EXERCISE DESCRIPTION: In the records that follow, show each line where the word "kitchen" is present.

+++ DATA SECTION

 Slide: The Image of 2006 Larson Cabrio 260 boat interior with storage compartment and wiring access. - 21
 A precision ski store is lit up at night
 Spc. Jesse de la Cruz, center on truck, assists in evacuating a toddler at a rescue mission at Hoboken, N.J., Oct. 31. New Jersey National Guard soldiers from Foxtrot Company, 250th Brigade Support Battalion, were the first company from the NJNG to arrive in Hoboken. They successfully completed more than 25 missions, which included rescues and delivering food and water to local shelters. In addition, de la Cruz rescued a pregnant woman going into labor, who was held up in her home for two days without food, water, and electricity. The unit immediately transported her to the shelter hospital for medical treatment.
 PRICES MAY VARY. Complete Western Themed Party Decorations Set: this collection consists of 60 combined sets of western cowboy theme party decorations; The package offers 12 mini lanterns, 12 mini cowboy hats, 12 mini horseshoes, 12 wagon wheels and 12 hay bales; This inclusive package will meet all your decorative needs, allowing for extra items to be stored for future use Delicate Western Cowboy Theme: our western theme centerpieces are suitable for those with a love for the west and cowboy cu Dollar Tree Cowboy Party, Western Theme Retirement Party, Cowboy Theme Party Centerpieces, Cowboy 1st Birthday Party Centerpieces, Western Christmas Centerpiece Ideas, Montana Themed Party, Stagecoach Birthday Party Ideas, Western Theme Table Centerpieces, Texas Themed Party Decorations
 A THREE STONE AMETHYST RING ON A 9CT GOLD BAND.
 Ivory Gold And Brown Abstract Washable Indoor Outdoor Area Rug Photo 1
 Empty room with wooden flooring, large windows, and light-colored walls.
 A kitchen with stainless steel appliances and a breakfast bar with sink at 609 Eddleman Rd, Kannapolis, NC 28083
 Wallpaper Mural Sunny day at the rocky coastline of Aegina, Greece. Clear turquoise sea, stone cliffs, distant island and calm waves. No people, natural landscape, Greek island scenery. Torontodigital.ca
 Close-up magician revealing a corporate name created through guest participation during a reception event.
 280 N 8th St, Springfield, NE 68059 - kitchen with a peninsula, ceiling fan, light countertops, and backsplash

++++++

ANSWER FOR THIS EXERCISE:
 A kitchen with stainless steel appliances and a breakfast bar with sink at 609 Eddleman Rd, Kannapolis, NC 28083
 280 N 8th St, Springfield, NE 68059 - kitchen with a peninsula, ceiling fan, light countertops, and backsplash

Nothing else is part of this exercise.